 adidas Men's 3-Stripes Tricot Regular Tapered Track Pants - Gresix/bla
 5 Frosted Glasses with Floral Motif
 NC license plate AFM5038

* * *

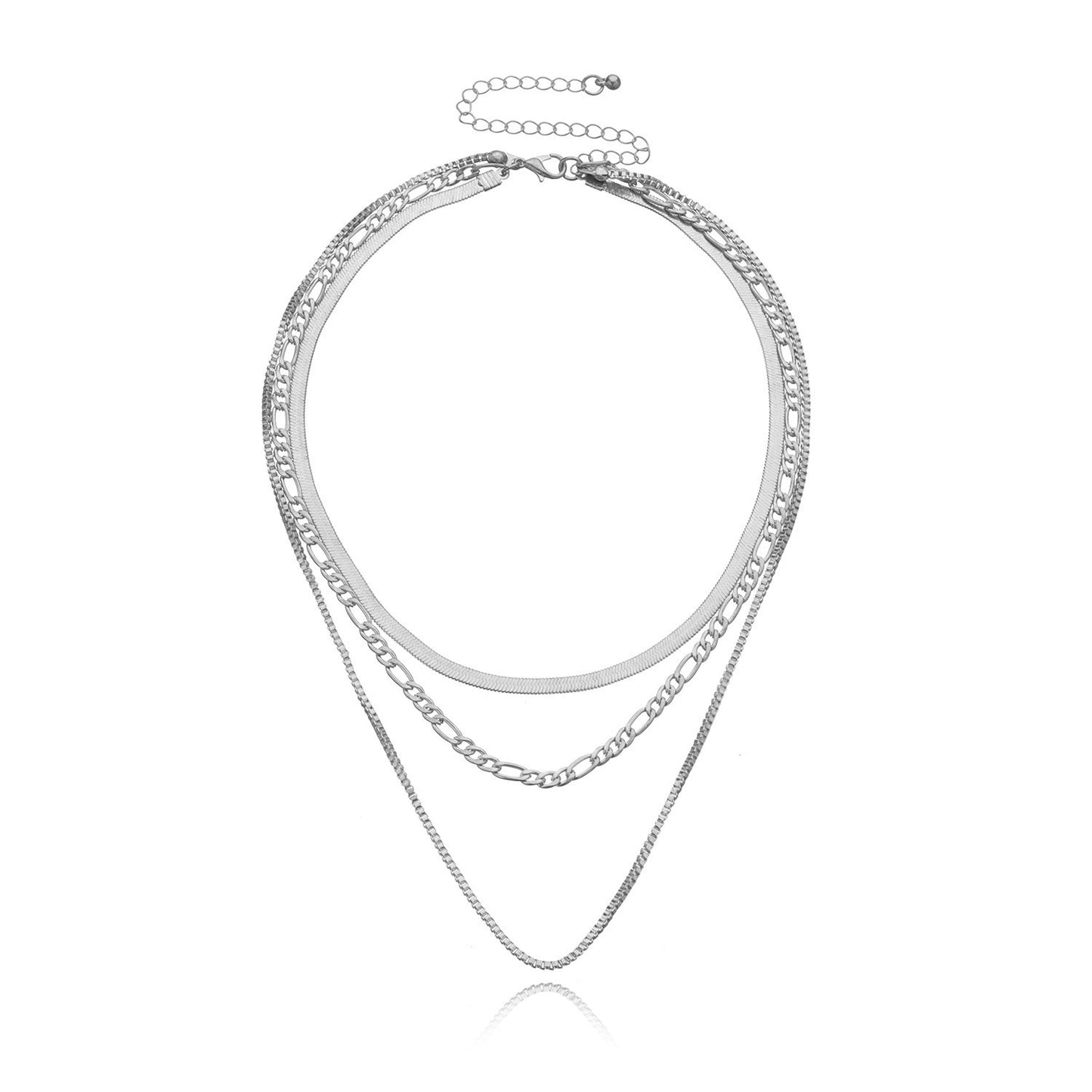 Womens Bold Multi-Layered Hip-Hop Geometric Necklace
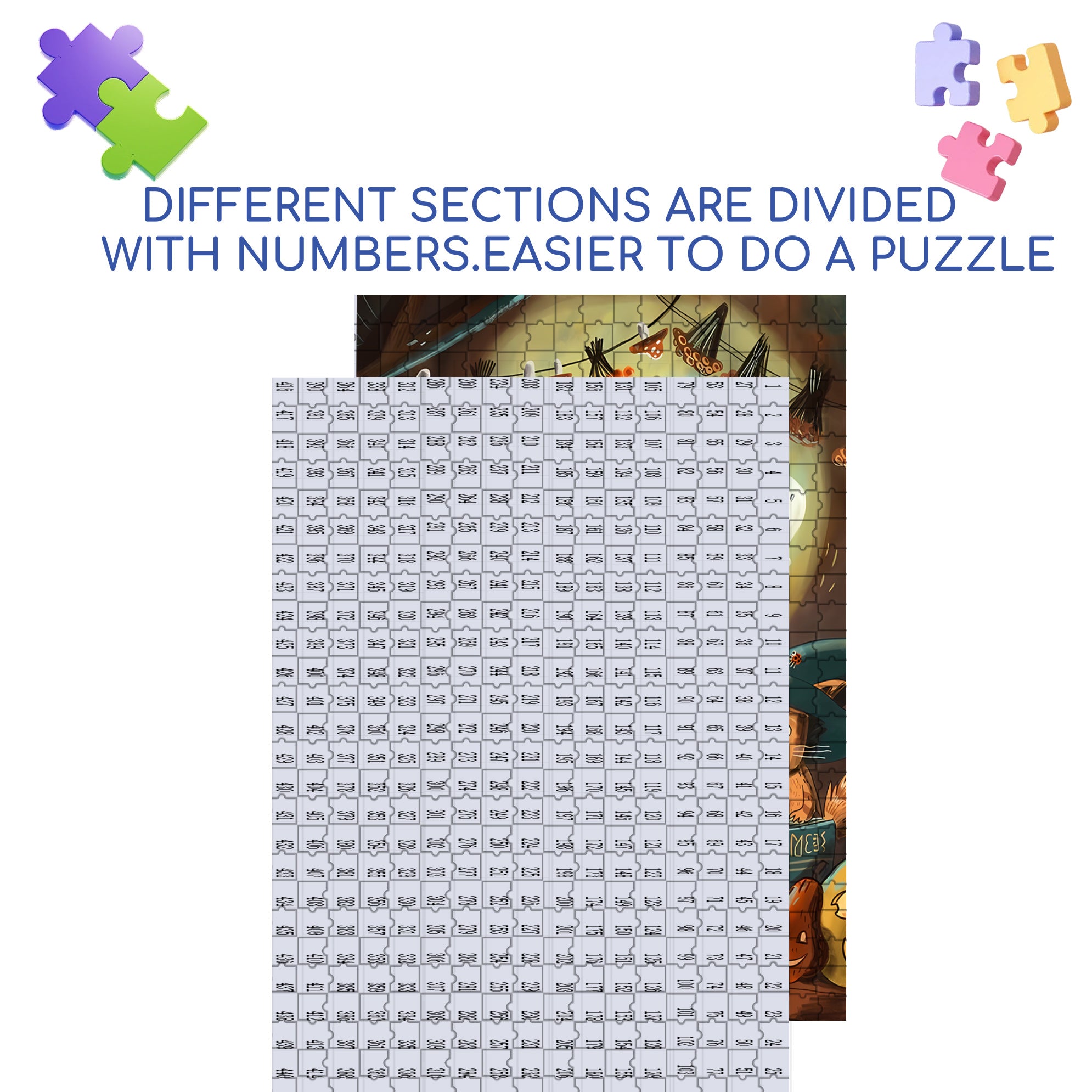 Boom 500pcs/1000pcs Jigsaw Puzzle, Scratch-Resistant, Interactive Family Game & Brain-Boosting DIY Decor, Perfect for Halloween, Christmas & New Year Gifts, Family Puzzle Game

**Directions for this task:** Reproduce, character for character, only the lines of the preceding data that start at the line with "adidas Men's 3-Stripes" and end at the line with "NC license plate AFM5038", both included.

**Solution for this task:**
 adidas Men's 3-Stripes Tricot Regular Tapered Track Pants - Gresix/bla
 5 Frosted Glasses with Floral Motif
 NC license plate AFM5038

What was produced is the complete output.